A Food Affair, located in the heart of the city, promises all sorts of yummies made with as many local ingredients as they can fetch. Not a difficult feat in Michigan, but definitely an admirable one. While their dinner menu is full of variety and includes dishes from home-style comfort foods to elegant vegetarian options, the breakfast menu is a bit scarce (as if we were the vultures that flew in a too late for the real feast). While we’re not the type to jump in the gas wagon and drive twenty minutes for breakfast, we respected the mission of this adorable-sounding café and thought that the local goodness made the trek worthwhile.
There were several vegetarian options, none vegan (mind the English muffin), but besides that, the selections were few. Still, we held the little shop in high regard because of the owner’s respect for local goods.

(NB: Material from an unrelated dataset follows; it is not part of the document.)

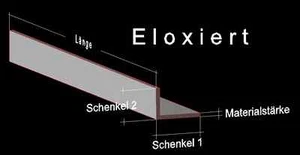 Alu Winkel eloxiert E6 EV1 Aluprofil L Profil Aluminiumprofil 1,5 / 2 / 3 / 4 mm - Bild 1 von 1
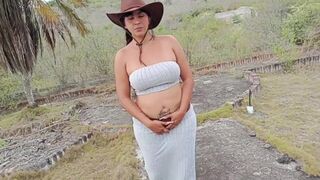Stepmom with massive tits gets wild and dirty with stepdad in public - MILF stepmom with huge tits gets pounded hard! - 3 image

Admittedly, we were quite hung over after a night of celebrating life, so a happy breakie was much needed and our bellies bounced around inside us as if we had taken them to the carnival. But after thirty minutes of waiting for the bountiful plates to arrive, our organs sent out the hunger pangs in the hopes of retrieving something edible from us…the coffee mugs…maybe the napkins…who knows. We still sat there with a minor amount of hope on our faces and chuckled at the clever artwork on the walls – a pot of boiling water with veggies sitting in it as if they were in Jacuzzi, jalapeños dancing with tortillas around their waists and bananas playing in a paper bag.
Still…our tummies were starting to get grumpy about the now empty promise of abundant goodies. The coffee had run dry and lone waitress was pounding away at an ice block that had formed in the soda machine. Thud thud thud! “Where the hell are we?” I moaned, with my belly cheering on. “What could possibly be taking so long?” After all, being a vegan, I opted for the cup of fruit and an English muffin. Although when ordering my meal, the waitress did look at me as if she thought I couldn’t possibly survive on such morsels. Apparently in Augusta, mass amounts of food are required to sustain the human body.
Steve was beginning to look weak (i.e. the hangover had really started to punch around in his brain). Forty-five agonizing minutes later (even the dancing jalapeños had become weary) we finally received our food. While Steve’s omelet looked fresh and pretty, the accompanying corn muffins were
a sad bunch. Each time he bit into them, I was showered with crusty crumbs, as if he had become a wood-chipper and I was being battered by the debris. We moved passed the awkwardness and I proceeded to prod at my cup of rotten fruit. Hmmm…possibly the Michigan farmers neglected to pick their fruit when it was ripe? This was seriously not what I expected and sort of ruined the whole “local” theme for me. We’re all smart enough to know that fruit doesn’t need to travel 1500 miles to be fresh, right? Ummm…yes.
So, I moved onto the under-toasted English muffin (again..this is a piece of bread that took 45 minutes to arrive). I asked for jam to juice up the toast a bit, and mind you, jam is one of my favorite delights for breakfast. The waitress tossed two small packets of Smuckers grape jelly on the table. “Yucko” I belted out. I can’t stand grape jelly and why isn’t this place making homemade jam with the rotten fruit they have? Sort of a big disappointment considering this place touts local, homemade treats.
While I continued to chew on the doughy madness, my own hangover started to bark inside….”Unhappy!” it screamed. I didn’t care anymore…all of the customers seemed a bit perturbed. The lone waitress ran back and forth from serving one customer to loudly chopping away at the ice block, to microwaving something that none of us could see…all while our coffee cups screamed for liquid like fish out of water. After Steve had successfully managed to consume what he called “an okay omelet” we scrambled to remove ourselves from poor little Augusta. The server apologized to us for the long delay, but we surely couldn’t understand it. There were only a handful of customers….possibly A Food Affair can only handle one mistress at a time.